Alors revenons à l'essentiel, aux fondamentaux, et laissons la vie nous prendre et nous quitter sans jamais plus avoir l'orgueil de cette soif d'immortalité. Se lever, respirer, lire, boire, se nourrir et observer le merveilleux cycle de la nature sans interventionnisme barbare, voilà un idéal vers lequel il serait bon de s'orienter.
Ce sont ces idées-là que suggèrent les histoires des personnages de
Jonathan Miles, en toile de fond, sans jamais les imposer ouvertement. Ils sont nous.
Il n'y a pas de revendication écologique dans la démarche de l'auteur, simplement une analyse des comportements ordinaires ignorés, refoulés dans une inconscience individuelle et collective mais qui mèneront l'humanité à sa perte.
Que s'est-il passé entre l'époque où l'homme pour subvenir à ses besoins chassait et celle où il pousse un caddy dans un supermarché ? l'évolution ? le progrès ?
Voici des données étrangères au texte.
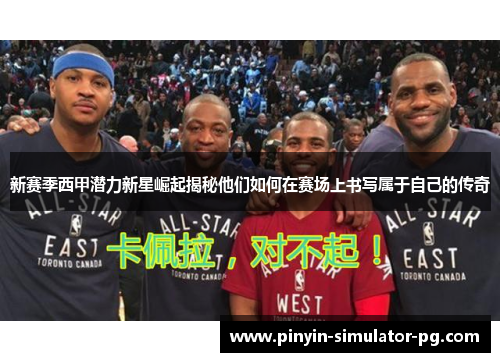 新赛季西甲潜力新星崛起揭秘他们如何在赛场上书写属于自己的传奇 新赛季西甲潜力新星崛起揭秘他们如何在赛场上书写属于自己的传奇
Je recommande vivement la lecture de «
Tu ne désireras pas » de
Jonathan Miles, ne serait-ce que pour le moment de plaisir exquis, délectable et drôle que l'on passe, mal grès l'opacité et les borborygmes de certains passages.
Traduction remarquable de
Jean-Charles Khalifa.
La merveilleuse maison d'édition
Monsieur Toussaint Louverture, 464 pages.